• [Task details] Give back every line of the data exactly. Pictures are not part of the copy.
::: Dataset excerpt
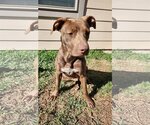 Small Photo #3 Labrador Retriever Puppy For Sale in Rosenberg, TX, USA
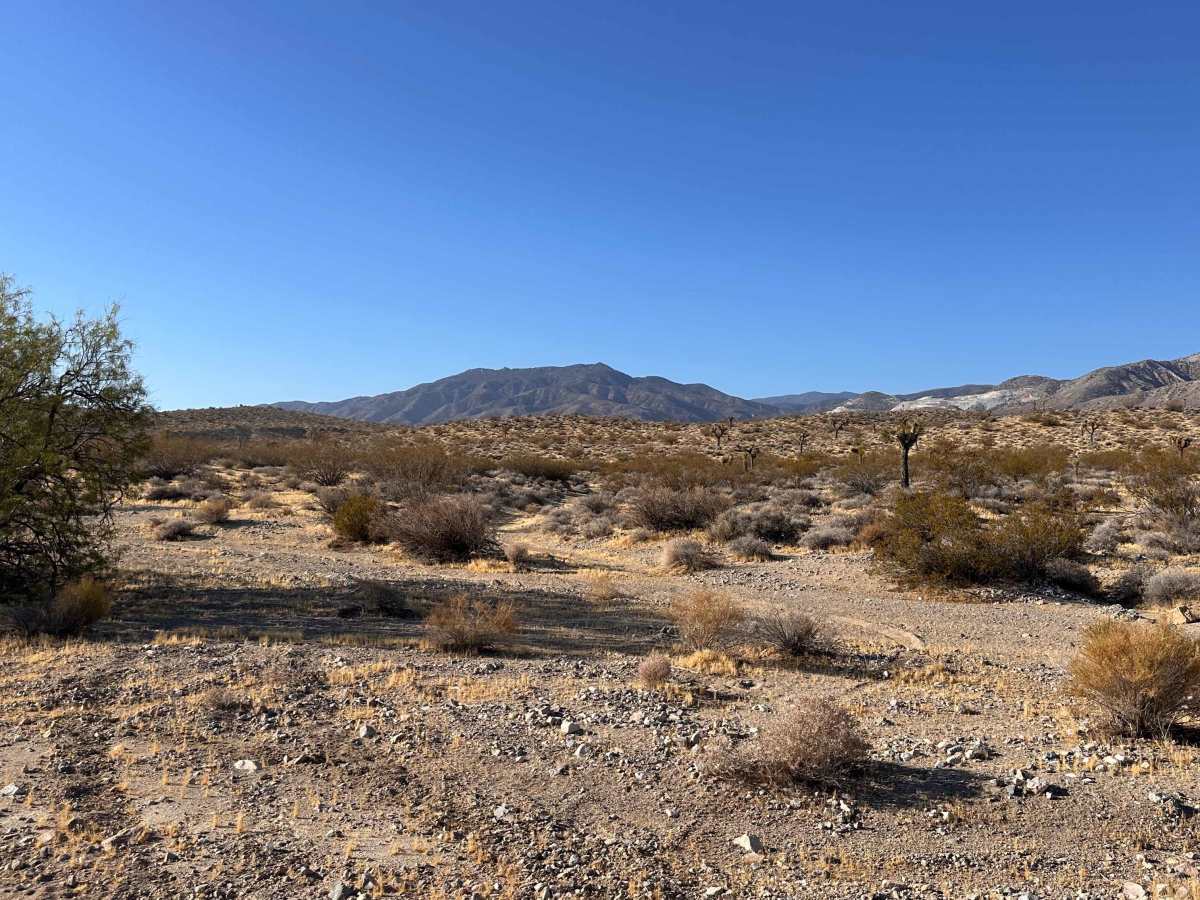 Big Horn Wash photo 4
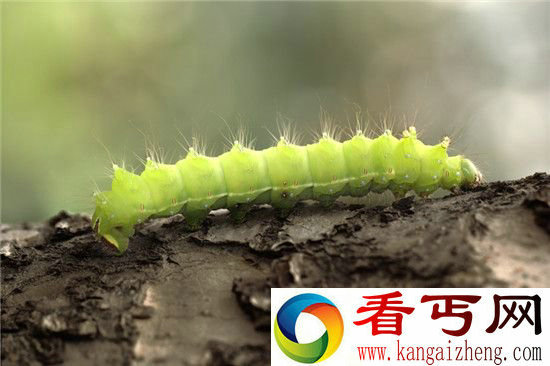 虫子打破衰老定律 人类或能永葆青春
::::::
• [Reply]
 Small Photo #3 Labrador Retriever Puppy For Sale in Rosenberg, TX, USA
 Big Horn Wash photo 4
 虫子打破衰老定律 人类或能永葆青春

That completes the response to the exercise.